I first of all want to say I’m really happy this thing exists. This is opening the doors to a great way of exploring harmony and algorithmic composition.
These are some thoughts about the current implementation of the JI op and some suggestions for improvement.
Currently, JI A B
will return a value based on the 1v/oct standard and 16-bit output scaling corresponding to A/(B*2^n), which is the frequency ratio of A to B shifted a number of octaves n downwards so that the returned value is smaller than an octave.

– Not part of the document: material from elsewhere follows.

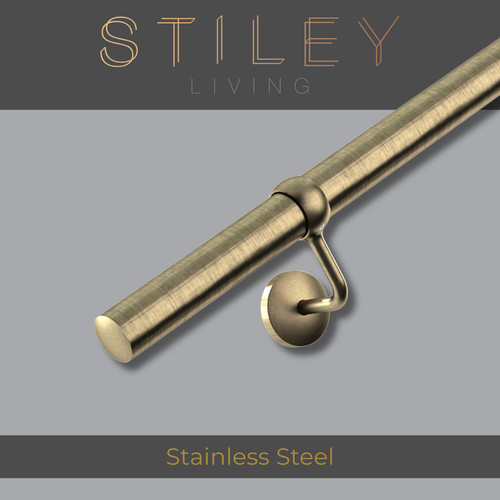 Antique brass stair handrail - antique,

While the wrapping functionality can be useful in some cases, like when defining scales, where the ratios are that of primes wrapped down to fit within an octave (ie the third, 5/4, and the fifth, 3/2, (funny how their names have nothing to do with their ratios )) I’ve found that it doesn’t allow to cover most use cases. If you want to generate an offset value for a modulating oscillator doing FM, and want, say a 7/1 ratio, you’d have to add back the octaves manually which is quite awkward, as
JI 7 1
would actually return a value corresponding to 7/4. You’d have to do something like ADD JI 7 1 V 2
. This also has the strange effect of having JI 7 1
= JI 7 2
= JI 7 4
.
Making the JI
op non-wrapping (or having two variations of the JI op, one wrapping, one non-wrapping) would solve these issues and make it’s use much more intuitive I think, because you’d get exactly what ratio you ask for. If you want to constrain a ratio to the range of an octave, it’s a matter of very simple mental math. For a fraction a/b which is initially greater than 2 (that is, a > 2*b), you will divide it by 2 until it is smaller than 2.

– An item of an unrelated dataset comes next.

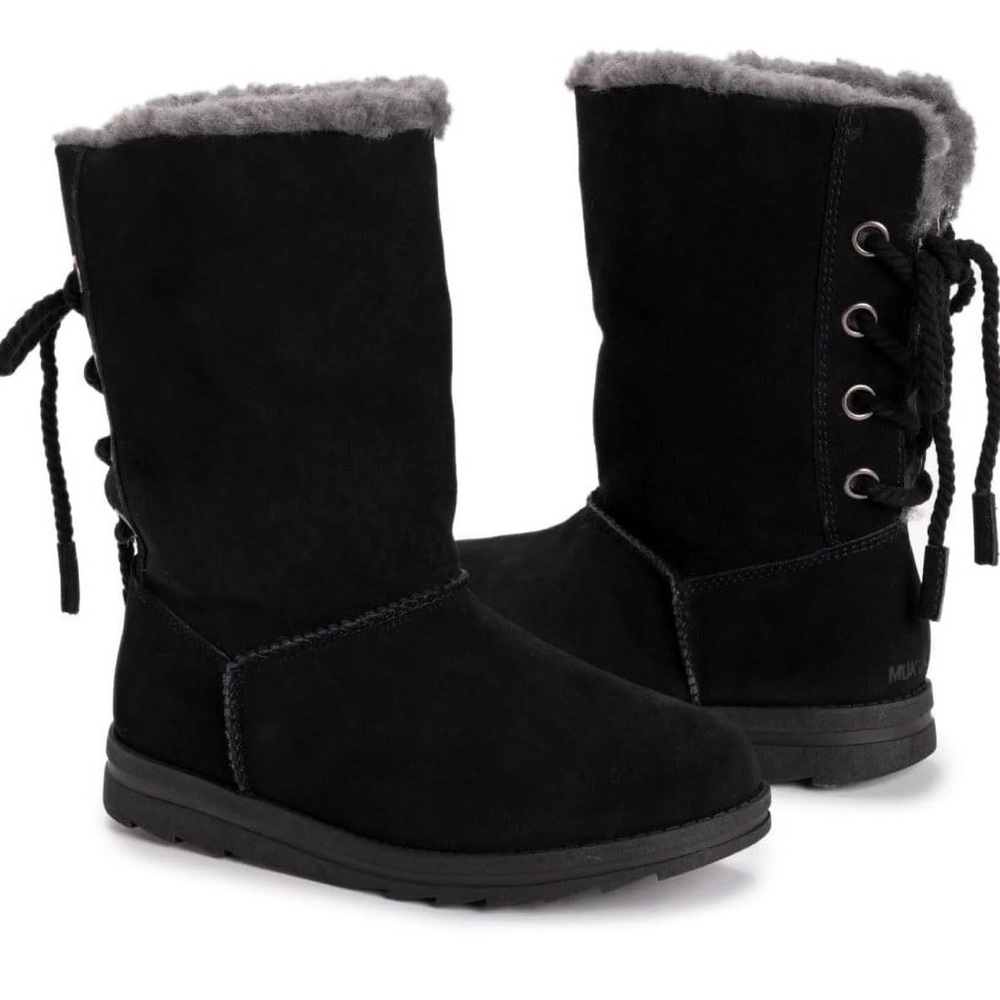 Muk Luks Black Suede Women's Boots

In my experience playing around with harmony and musical structures using ratios, it’s important to be aware of the octave shifts happening, because it has a very strong impact on the qualities it gives to a chord. With two notes in a 7/1 ratio, all of the higher note’s partials correspond to some of the lower note’s partials. Because of this the higher note is much less noticeable and strongly fused into the lower note. However, in a 7/4 ratio, only a small part of both notes’ partials are in common, which makes each stand out much more individually. I don’t think we should discard the ability to include octave relationships in ratios, because it’s a very powerful tool — and forcing you to be aware of it is a good thing.